Aspects of the present invention are described herein with reference to flowchart illustrations and/or block diagrams of methods, apparatus (systems), and computer program products according to embodiments of the invention. It will be understood that each block of the flowchart illustrations and/or block diagrams, and combinations of blocks in the flowchart illustrations and/or block diagrams, can be implemented by computer readable program instructions.

These computer readable program instructions may be provided to a processor of a general purpose computer, special purpose computer, or other programmable data processing apparatus to produce a machine, such that the instructions, which execute via the processor of the computer or other programmable data processing apparatus, create means for implementing the functions/acts specified in the flowchart and/or block diagram block or blocks. These computer readable program instructions may also be stored in a computer readable storage medium that can direct a computer, a programmable data processing apparatus, and/or other devices to function in a particular manner, such that the computer readable storage medium having instructions stored therein comprises an article of manufacture including instructions which implement aspects of the function/act specified in the flowchart and/or block diagram block or blocks.

The computer readable program instructions may also be loaded onto a computer, other programmable data processing apparatus, or other device to cause a series of operational steps to be performed on the computer, other programmable apparatus or other device to produce a computer implemented process, such that the instructions which execute on the computer, other programmable apparatus, or other device implement the functions/acts specified in the flowchart and/or block diagram block or blocks.

The flowchart and block diagrams in the Figures illustrate the architecture, functionality, and operation of possible implementations of systems, methods, and computer program products according to various embodiments of the present invention. In this regard, each block in the flowchart or block diagrams may represent a module, segment, or portion of instructions, which comprises one or more executable instructions for implementing the specified logical function(s). In some alternative implementations, the functions noted in the block may occur out of the order noted in the figures. For example, two blocks shown in succession may, in fact, be executed substantially concurrently, or the blocks may sometimes be executed in the reverse order, depending upon the functionality involved. It will also be noted that each block of the block diagrams and/or flowchart illustration, and combinations of blocks in the block diagrams and/or flowchart illustration, can be implemented by special purpose hardware-based systems that perform the specified functions or acts or carry out combinations of special purpose hardware and computer instructions.

As shown in FIG. 1, networked computers system 100 is an embodiment of a hardware and software environment for use with various embodiments of the present invention. Networked computers system 100 includes: server subsystem 102 (sometimes herein referred to, more simply, as subsystem 102); client subsystems 104, 106, 108, 110, 112; and communication network 114. Server subsystem 102 includes: server computer 200; communication unit 202; processor set 204; input/output (I/O) interface set 206; memory 208; persistent storage 210; display 212; external device(s) 214; random access memory (RAM) 230; cache 232; and program 300.

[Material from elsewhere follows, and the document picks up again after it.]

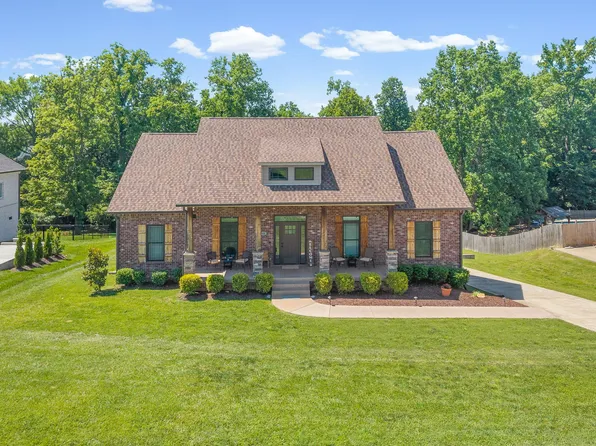 548 Dixie Ln, Pleasant View, TN 37146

Subsystem 102 may be a laptop computer, tablet computer, netbook computer, personal computer (PC), a desktop computer, a personal digital assistant (PDA), a smart phone, or any other type of computer (see definition of “computer” in Definitions section, below). Program 300 is a collection of machine readable instructions and/or data that is used to create, manage and control certain software functions that will be discussed in detail, below, in the Example Embodiment subsection of this Detailed Description section.

Subsystem 102 is capable of communicating with other computer subsystems via communication network 114. Network 114 can be, for example, a local area network (LAN), a wide area network (WAN) such as the internet, or a combination of the two, and can include wired, wireless, or fiber optic connections. In general, network 114 can be any combination of connections and protocols that will support communications between server and client subsystems.

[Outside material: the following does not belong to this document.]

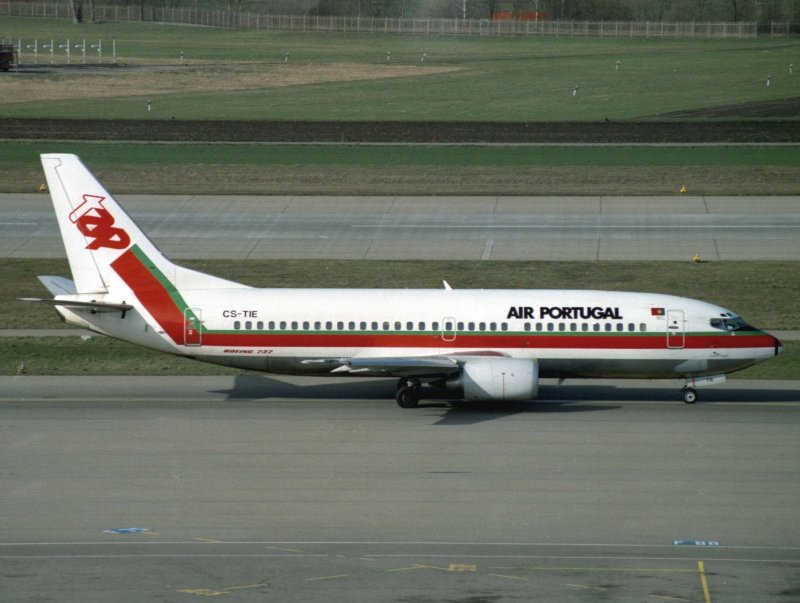 B737-300 CS-TIE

Subsystem 102 is shown as a block diagram with many double arrows. These double arrows (no separate reference numerals) represent a communications fabric, which provides communications between various components of subsystem 102. This communications fabric can be implemented with any architecture designed for passing data and/or control information between processors (such as microprocessors, communications and network processors, etc.), system memory, peripheral devices, and any other hardware components within a computer system. For example, the communications fabric can be implemented, at least in part, with one or more buses.

Memory 208 and persistent storage 210 are computer-readable storage media. In general, memory 208 can include any suitable volatile or non-volatile computer-readable storage media. It is further noted that, now and/or in the near future: (i) external device(s) 214 may be able to supply, some or all, memory for subsystem 102; and/or (ii) devices external to subsystem 102 may be able to provide memory for subsystem 102. Both memory 208 and persistent storage 210: (i) store data in a manner that is less transient than a signal in transit; and (ii) store data on a tangible medium (such as magnetic or optical domains). In this embodiment, memory 208 is volatile storage, while persistent storage 210 provides nonvolatile storage. The media used by persistent storage 210 may also be removable. For example, a removable hard drive may be used for persistent storage 210. Other examples include optical and magnetic disks, thumb drives, and smart cards that are inserted into a drive for transfer onto another computer-readable storage medium that is also part of persistent storage 210.

Communications unit 202 provides for communications with other data processing systems or devices external to subsystem 102. In these examples, communications unit 202 includes one or more network interface cards. Communications unit 202 may provide communications through the use of either or both physical and wireless communications links. Any software modules discussed herein may be downloaded to a persistent storage device (such as persistent storage 210) through a communications unit (such as communications unit 202).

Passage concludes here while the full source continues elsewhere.